We looked about the restaurant. It was full of older people, those who Russians call “Soviet People” – Boomers in our lingo – drinking wine and talking like they had not a care in the world. “Are we the ones who are crazy or is it them?” the young doctor said.
I knew the answer but she didn’t. She wasn’t sure. It was her home, and people just like this were her family and friends. We say they have been brainwashed by television, but I don’t think that’s entirely what it is. They are a different kind of people. They aren’t democratic people. They feel no responsibility for political outcomes and their social contract is that they can enjoy a bourgeois life by staying out of politics. They practice a politics of honor, martial almost.
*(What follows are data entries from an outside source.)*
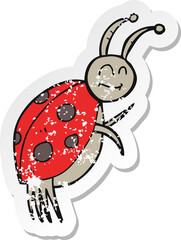 retro distressed sticker of a cartoon ladybug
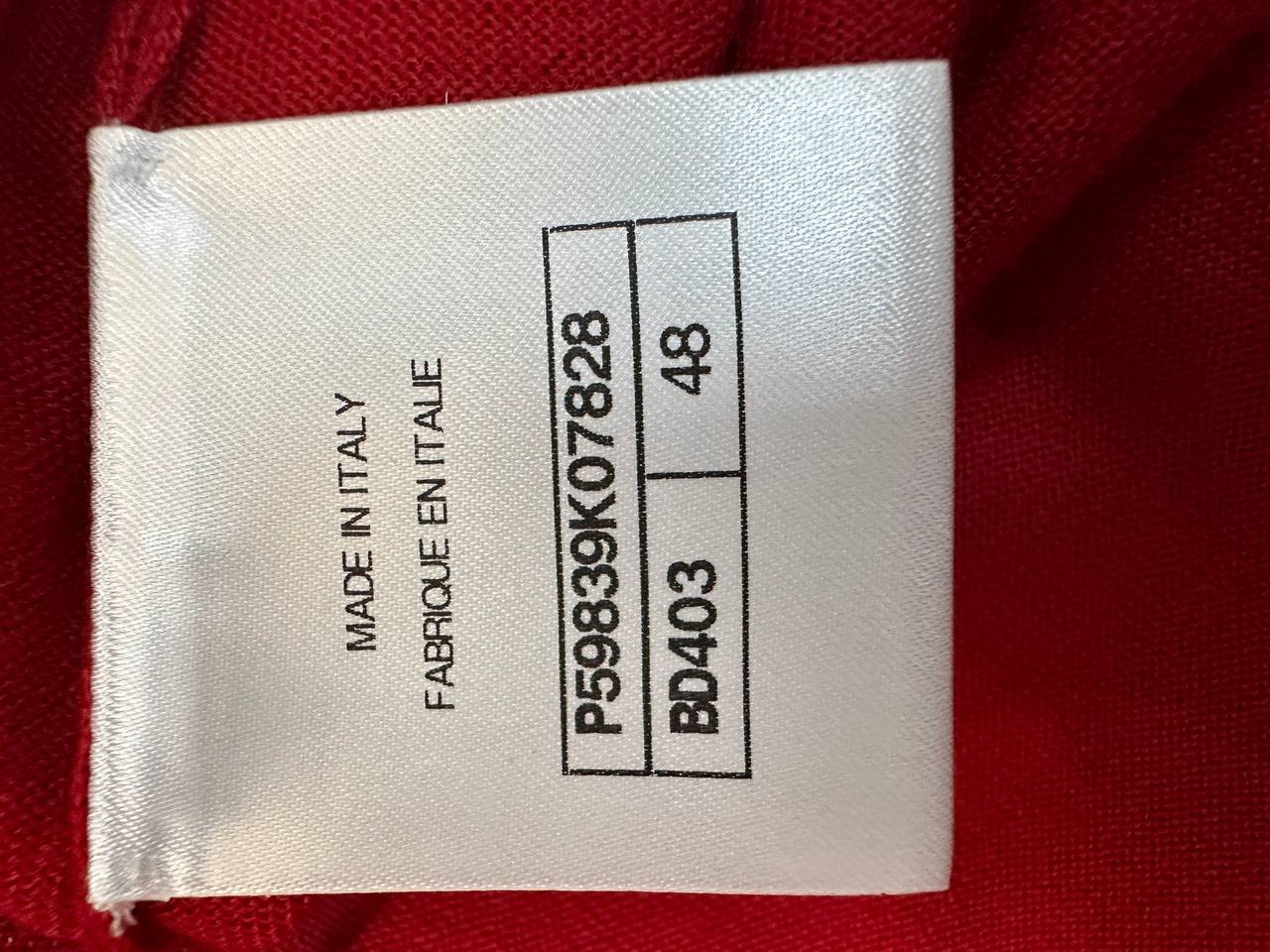 Cashmere pullover with brooch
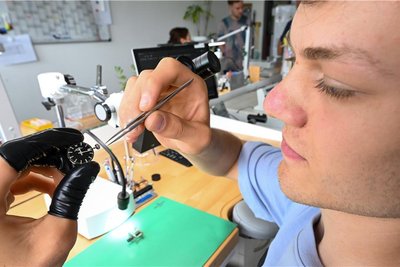 Jakob Füchtner zerlegt ein Uhrwerk mit einer Pinzette. Zum Schutz trägt der Uhrmacher Fingerlinge.
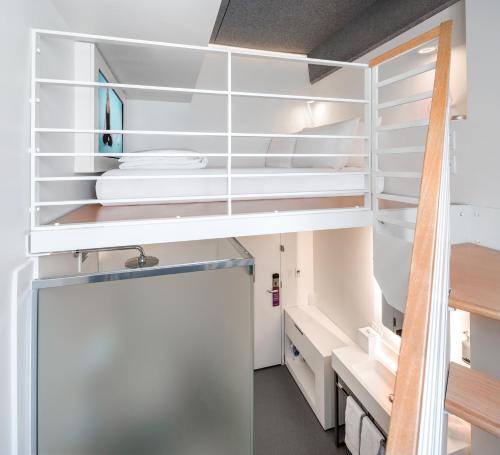 a room with white shelving in a kitchen at Yotel San Francisco in San Francisco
Have loyalty to the state and have trust in The Czar and all will be fine.
I left the next the next day and suppose I will never return. I’ve watched Russia from the outside and have heard about life there since from those who fled. The panic was short lived, both after the invasion and after mobilization. The bourgeois life continues and they still live in fear, but as one of their great novelists once said, “Man grows used to everything, the scoundrel!”
Thank you for this post, some things are painfully familiar.
"Every country has its own little corners of savagery to which one must adapt" is brilliant
“Are we the ones who are crazy or is it them?” is just painfully poignant
I think your observations about the social contract lack a key piece of the puzzle - the entire 20th century has been a festering wound for us Russians, incessant traumas and soulcrushing for generations. I think the cynicism and urge to live in the now comes from that.